NHS England Screening NHS Fetal Anomaly Screening Programme (FASP)

NICE guideline [NG201] Antenatal care. Aug 2021.

Guidelines

Screening Pathways

There are 2 main screening pathways:

  • Combined test and/or quadruple test – for trisomy 21, 18, 13
  • 20-week anomaly scan – for 11 physical conditions
    • Offered 18+0 – 20+6 weeks

Trisomy 21, 18, 13 Screening Pathway

Approach

  • First, perform screening tests (these test simply gives a result of higher or lower chance)
  • If the screening test result is higher chance → 2nd line tests 

 

Screening test

Test of choice: the combined test, performed between 10-14 weeks

2nd line: quadruple test performed between 14-20 weeks.

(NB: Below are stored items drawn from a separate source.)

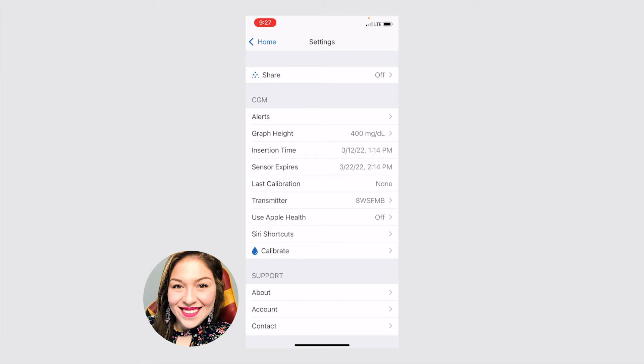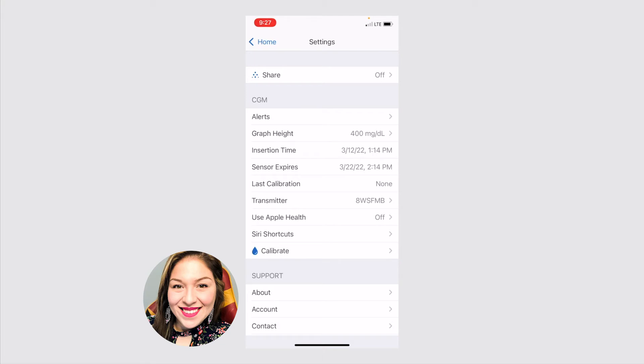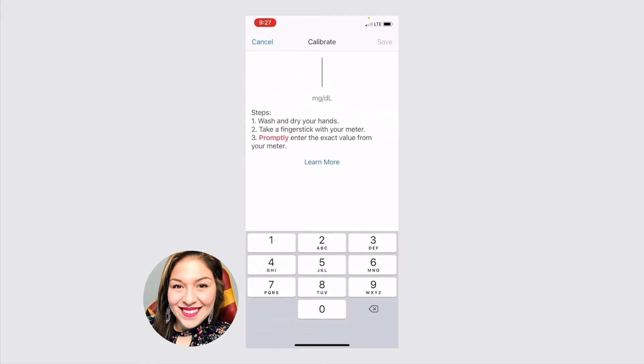The last option I want to highlight is the calibrate. The Dexcom G6 sensor does not require calibration. And so what calibration means is you'll test your blood sugar with a regular blood glucose monitor. And then you'll tell the sensor, here's what my real blood sugar number is, to make sure that the number from your sensor and the number from your blood glucose monitor match as much as they can.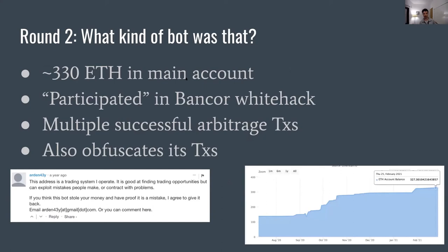This bot is also a bit more interesting because it is quite more lucrative — it has a nice increase in ETH balance over the time of its existence. And it has participated in some previous White Hat extractions: during a case where a vulnerable contract had funds extracted from it by White Hackers, this bot was also in on the action and took some of those funds to itself.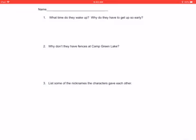They wake up that early because it's really hot out. And every day the campers have to dig a hole, a big hole out in the dried up lake. And they want to do that before the sun gets up because it's so hot.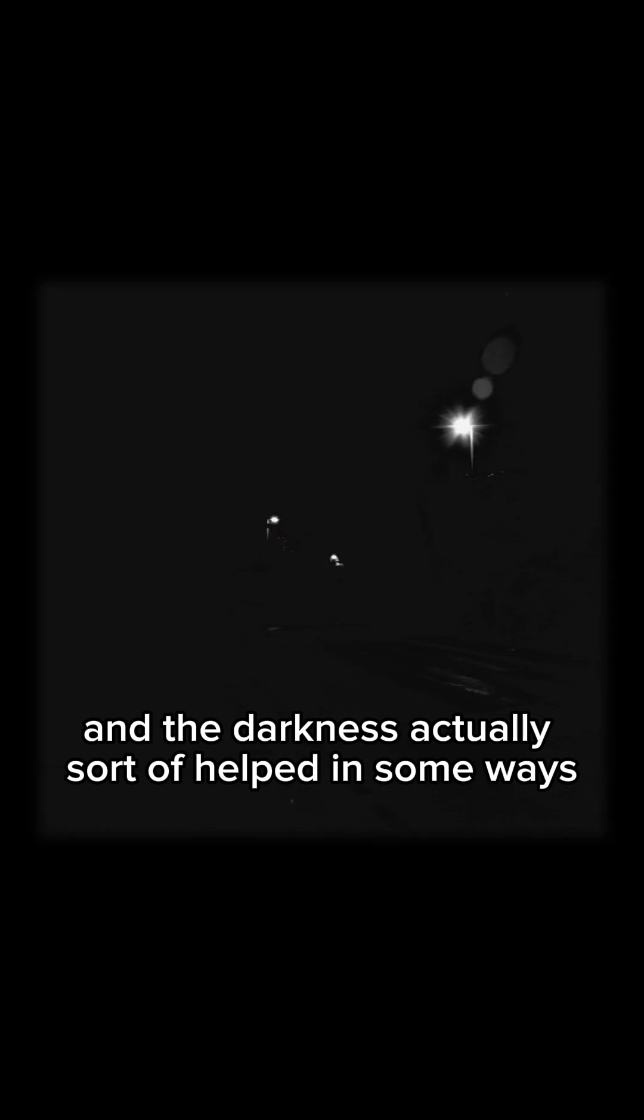And the darkness actually sort of helped in some ways. It made it easy to see that the city has a lot of electricity, almost as much as Vegas, which is weird because it's not like this is the kind of hot destination Vegas was.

Indications:

  • Women attend antenatal care after 14 weeks 
  • If not eligible for combined test or unable to measure NT (see below for more details)

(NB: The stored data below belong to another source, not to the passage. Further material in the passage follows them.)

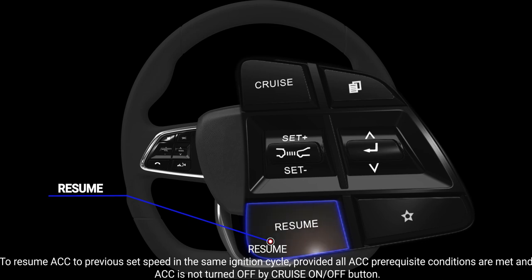Resume: to resume ACC to the previous set speed in the same ignition cycle, provided all ACC prerequisite conditions are met and ACC is not turned off by the cruise on or off button.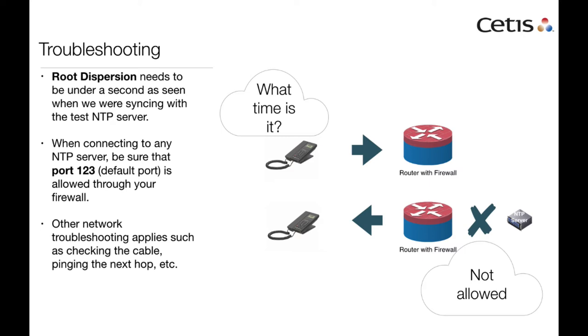Another thing is, if you're using an internet NTP server or an NTP server with a firewall, like on a different network, you will need to make sure that port 123 is not blocked, otherwise the phone will never get out and update.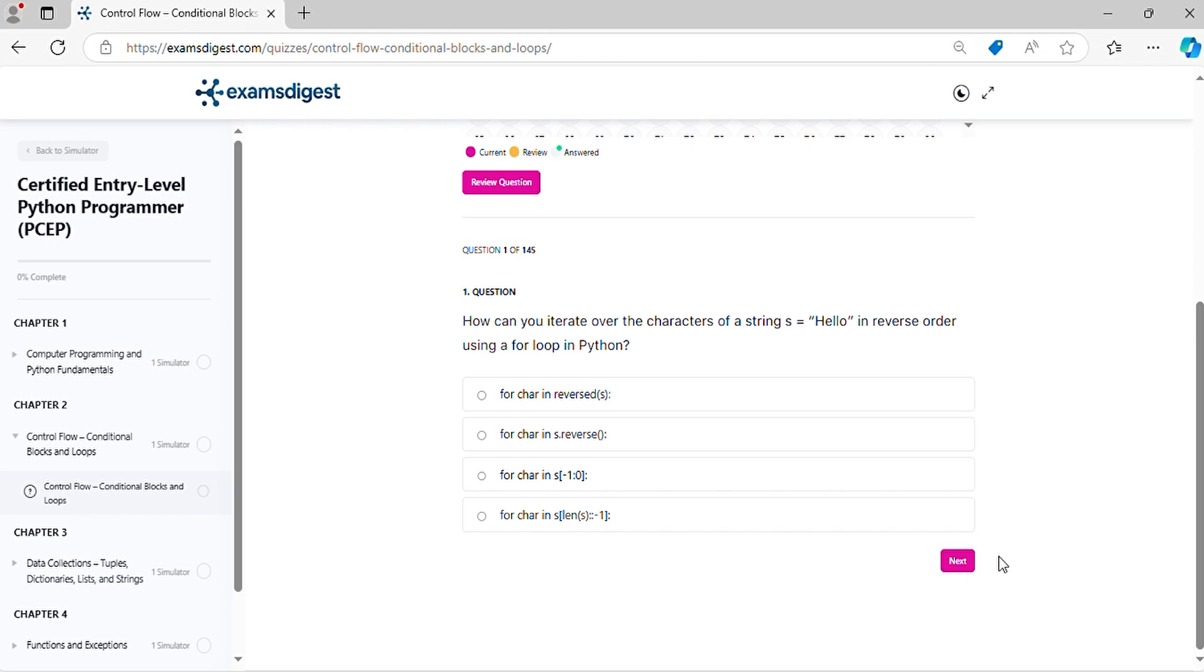Question 1. How can you iterate over the characters of a string s equals hello in reverse order using a for loop in Python?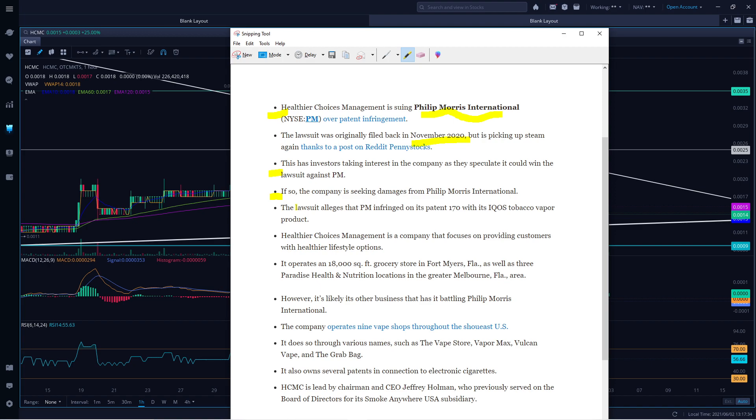The lawsuit alleged that Philip Morris infringed on its patent number 170 with its IQOS tobacco vapor product. That was the thing we were focusing on, and this is the vapor that the lawsuit was filed over.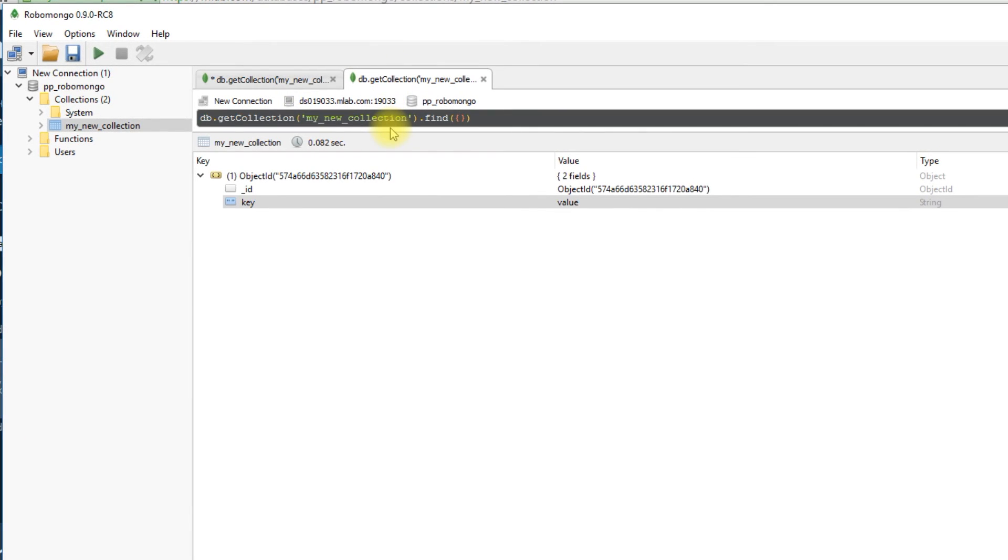So like I said, this tool is really useful if you have a MongoDB on your local machine, or you have a host where they don't give you any kind of management tools, they basically just set up the database for you and that's it. It's up to you to interface with it.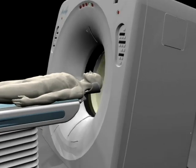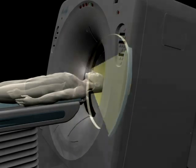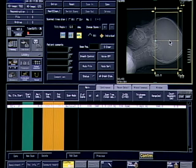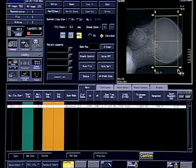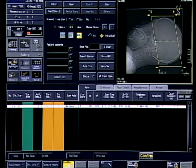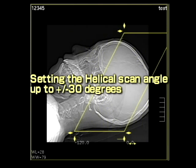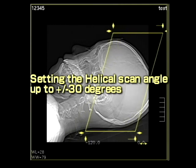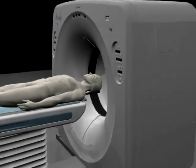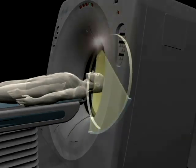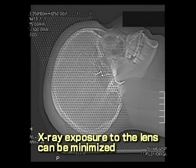Deterioration of image quality at a plus or minus 30 degree tilt is avoided by a unique proprietary algorithm developed by Toshiba. Tilted helical scanning is performed without exposing the eye's lens to X-rays. It also reduces the radiation dose by 20%.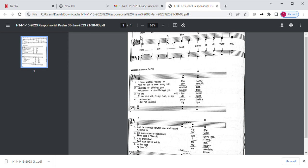And here it is as performed during the Mass. Instrumental version. Ready, everyone. Here am I, Lord, I come to do your will.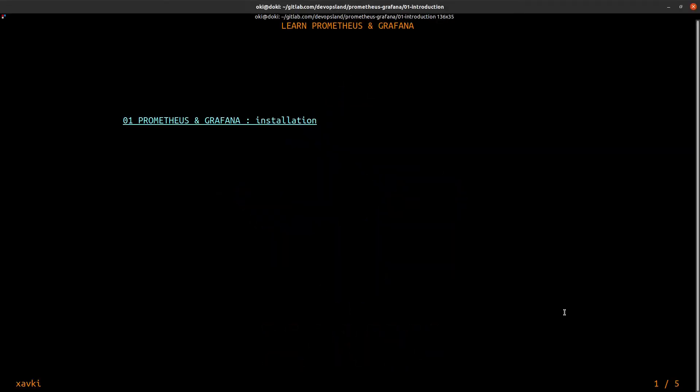Hey hello everyone and welcome to a new video. In this video we start a new playlist dedicated to learning how to install Prometheus and Grafana.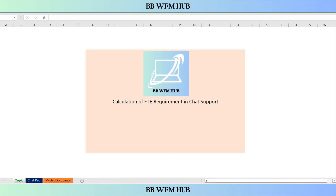Hello everyone, welcome to BBWFM Hub. We are back with a new video. In this video, we are going to learn the calculation of FT requirement in chat support. So let me give you some context, then we will see with an example how we are going to calculate the FT requirement in chat support.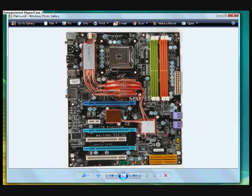Alright, I want to talk to you guys about this motherboard I have on my screen right now. This is the MSI P7N Platinum Tri-SLI motherboard.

If combined test and/or quadruple test gives a result of higher chance → proceed to definitive testing (prenatal diagnosis)
 

Combined Test Component and Interpretation

The combined test can screen for trisomy 21, 18, 13 (Down's, Edward's, Patau's syndrome)

The combined test involves assessing:

  • Maternal age
  • Biochemical marker – free β-hCG and PAPP-A
  • Nuchal translucency

Result trend that is suggestive of Down's syndrome:

  • ↑ b-HCG
  • ↓ PAPP-A
  • ↑ Nuchal translucency (≥3.5 mm)

Quadruple Test Component and Interpretation

Note that the quadruple test only assesses the chance of the baby having trisomy 21 (Down's syndrome).

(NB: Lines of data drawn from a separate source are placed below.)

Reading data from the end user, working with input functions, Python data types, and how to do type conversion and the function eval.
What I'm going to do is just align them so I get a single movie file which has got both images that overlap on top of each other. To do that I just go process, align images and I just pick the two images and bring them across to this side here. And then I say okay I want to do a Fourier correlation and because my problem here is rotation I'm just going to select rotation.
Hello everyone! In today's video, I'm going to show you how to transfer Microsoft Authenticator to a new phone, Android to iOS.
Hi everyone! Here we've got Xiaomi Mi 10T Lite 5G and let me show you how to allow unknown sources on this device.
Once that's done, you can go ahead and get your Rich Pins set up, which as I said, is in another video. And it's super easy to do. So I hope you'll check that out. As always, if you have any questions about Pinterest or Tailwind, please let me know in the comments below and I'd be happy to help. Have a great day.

The quadruple test involves assessing 4 biochemical markers:

  • β-hCG
  • Inhibin-A
  • AFP
  • Unconjugated oestriol 

Results that are suggestive of Down's syndrome

  • ↑ b-HCG
  • ↑ Inhibin-A
  • ↓ AFP
  • ↓ Unconjugated oestriol 

Eligibility Criteria For Combined and Quadruple Test 

Disclaimer: eligibility criteria for combined test and quadruple test have been omitted above due to their advanced level of knowledge which may create confusion.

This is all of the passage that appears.